Based on CO2 levels when the ice sheet formed, the researchers report that Antarctica’s ice will be “dramatically” more vulnerable to melting once CO2surpasses 600 parts per million in the atmosphere. Concentrations of the greenhouse gas reached 400 ppm last year, well above its 280 ppm preindustrial level.
“With present-day emission rates, it’s expected that we’ll reach 600 ppm before the end of this century,” says study coauthor Simone Galeotti, a paleoclimate scientist at the University of Urbino in Italy. The ice sheet stockpiles enough water to raise sea levels by around 60 meters and reshape Earth’s coastlines.
The new work, published online March 10 in Science, provides the best estimate yet for the CO2 threshold that fostered the Antarctic ice sheet’s appearance, Galeotti says. Scientists previously traced the ice sheet’s beginnings using indirect measurements such as falling sea levels. Those methods aren’t definitive, however.
Galeotti and colleagues studied a roughly 900-meter-long ocean sediment core drilled in 1999 off the coast of East Antarctica. The core provided a detailed record of the Antarctic ice sheet’s size from around 34 million to 31 million years ago. As the ice sheet expanded, sediments piled up along its outermost edge. Using the sediment core, the researchers discovered that the ice sheet formed in two stages.
When CO2 levels fell below 750 ppm and the Antarctic ice first appeared 34 million years ago, the ice sheet was small and only on land, the researchers found. Susceptible to fluctuations in the amount of solar heat that warmed Earth, this early ice sheet underwent large-scale changes in size.
Once CO2 dropped below 600 ppm around 32.8 million years ago, the ice sheet became more resilient to climate change, expanded in size and lowered sea levels.
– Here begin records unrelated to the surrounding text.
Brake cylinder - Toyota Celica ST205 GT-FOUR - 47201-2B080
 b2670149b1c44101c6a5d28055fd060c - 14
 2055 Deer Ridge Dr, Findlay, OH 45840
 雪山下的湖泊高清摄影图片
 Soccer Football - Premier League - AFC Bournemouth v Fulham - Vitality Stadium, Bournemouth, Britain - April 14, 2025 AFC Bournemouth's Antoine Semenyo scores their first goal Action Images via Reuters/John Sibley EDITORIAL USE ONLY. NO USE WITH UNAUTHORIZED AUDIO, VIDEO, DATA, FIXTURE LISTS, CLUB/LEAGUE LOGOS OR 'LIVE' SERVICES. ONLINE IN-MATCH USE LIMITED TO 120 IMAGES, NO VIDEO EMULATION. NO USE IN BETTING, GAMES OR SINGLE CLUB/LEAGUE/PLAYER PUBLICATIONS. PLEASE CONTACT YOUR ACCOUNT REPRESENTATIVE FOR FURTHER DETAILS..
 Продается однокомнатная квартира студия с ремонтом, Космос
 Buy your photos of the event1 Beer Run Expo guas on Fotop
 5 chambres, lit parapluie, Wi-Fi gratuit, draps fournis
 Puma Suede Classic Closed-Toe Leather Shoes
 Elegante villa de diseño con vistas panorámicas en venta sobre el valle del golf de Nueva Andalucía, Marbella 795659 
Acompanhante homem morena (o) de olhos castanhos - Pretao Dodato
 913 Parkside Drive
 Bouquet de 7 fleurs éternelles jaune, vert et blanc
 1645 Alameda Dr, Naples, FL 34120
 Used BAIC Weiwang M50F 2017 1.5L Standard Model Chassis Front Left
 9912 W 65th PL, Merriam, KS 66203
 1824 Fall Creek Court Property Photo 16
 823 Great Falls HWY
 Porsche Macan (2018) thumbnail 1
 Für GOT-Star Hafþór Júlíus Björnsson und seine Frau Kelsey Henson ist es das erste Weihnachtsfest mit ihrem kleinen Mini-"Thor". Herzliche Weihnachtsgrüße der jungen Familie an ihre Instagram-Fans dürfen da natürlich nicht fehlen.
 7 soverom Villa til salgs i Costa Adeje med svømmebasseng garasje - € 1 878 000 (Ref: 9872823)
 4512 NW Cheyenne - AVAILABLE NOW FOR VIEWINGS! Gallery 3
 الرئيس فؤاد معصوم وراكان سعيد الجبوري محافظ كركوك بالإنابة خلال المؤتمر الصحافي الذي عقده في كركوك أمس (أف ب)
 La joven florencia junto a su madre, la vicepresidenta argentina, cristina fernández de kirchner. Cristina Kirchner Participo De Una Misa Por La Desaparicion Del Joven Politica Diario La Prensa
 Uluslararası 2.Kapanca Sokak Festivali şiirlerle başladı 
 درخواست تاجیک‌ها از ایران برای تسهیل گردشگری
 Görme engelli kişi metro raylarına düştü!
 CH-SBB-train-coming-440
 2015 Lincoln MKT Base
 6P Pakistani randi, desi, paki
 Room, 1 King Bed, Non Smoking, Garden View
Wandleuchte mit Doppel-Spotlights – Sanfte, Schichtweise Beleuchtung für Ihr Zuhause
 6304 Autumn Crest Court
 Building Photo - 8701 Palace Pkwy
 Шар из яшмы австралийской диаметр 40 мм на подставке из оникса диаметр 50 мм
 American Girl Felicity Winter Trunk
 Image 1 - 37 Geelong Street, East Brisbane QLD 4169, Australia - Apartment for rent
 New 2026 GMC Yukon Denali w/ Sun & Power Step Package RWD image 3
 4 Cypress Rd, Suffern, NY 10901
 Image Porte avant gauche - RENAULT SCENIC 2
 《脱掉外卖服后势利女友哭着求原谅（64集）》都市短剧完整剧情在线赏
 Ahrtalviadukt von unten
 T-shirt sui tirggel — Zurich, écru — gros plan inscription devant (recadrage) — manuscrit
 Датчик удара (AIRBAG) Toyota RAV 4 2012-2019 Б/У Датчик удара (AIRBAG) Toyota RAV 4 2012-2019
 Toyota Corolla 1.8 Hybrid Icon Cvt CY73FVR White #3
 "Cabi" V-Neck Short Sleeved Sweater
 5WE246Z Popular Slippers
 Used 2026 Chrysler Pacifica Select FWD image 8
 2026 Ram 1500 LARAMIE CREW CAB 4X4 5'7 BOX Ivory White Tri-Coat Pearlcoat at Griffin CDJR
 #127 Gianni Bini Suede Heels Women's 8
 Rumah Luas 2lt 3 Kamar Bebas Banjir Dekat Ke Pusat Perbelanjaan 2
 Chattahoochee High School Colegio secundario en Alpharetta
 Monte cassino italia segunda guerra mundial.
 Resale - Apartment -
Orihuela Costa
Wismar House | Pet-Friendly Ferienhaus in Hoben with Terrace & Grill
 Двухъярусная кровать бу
If CO2 levels once again rise above 600 ppm, the Antarctic ice sheet will again become vulnerable to rapid melting, the researchers warn.
“As we go forward to a warmer world, we’re essentially running this in reverse,” says Thomas Wagner, a cryosphere scientist at NASA headquarters in Washington, D.C., who was not involved in the research. “This work shows us what the world looked like back then that we’re now heading toward.”
But Caroline Lear, a paleoclimate scientist at Cardiff University in Wales, says the 600 ppm threshold for the ice shelf may not hold true in reverse. “I don’t think you can use the same CO2 threshold,” she says. “Antarctica was different 34 million years ago.”
Lear and Dan Lunt, a paleoclimate scientist at the University of Bristol in England, published a perspective piece on the new research in the same issue of Science. The work does reinforce the notion that dwindling CO2 facilitated the ice sheet’s formation, Lunt says. The expanding ice may have in turn lowered CO2, he says. Ice reflects sunlight that would otherwise warm the ground. This mirror-like effect could redirect winds and ocean currents, possibly boosting the drawdown of CO2 into Earth’s oceans. Understanding these interactions will help scientists better predict how Antarctica’s ice will fare in the future, he says.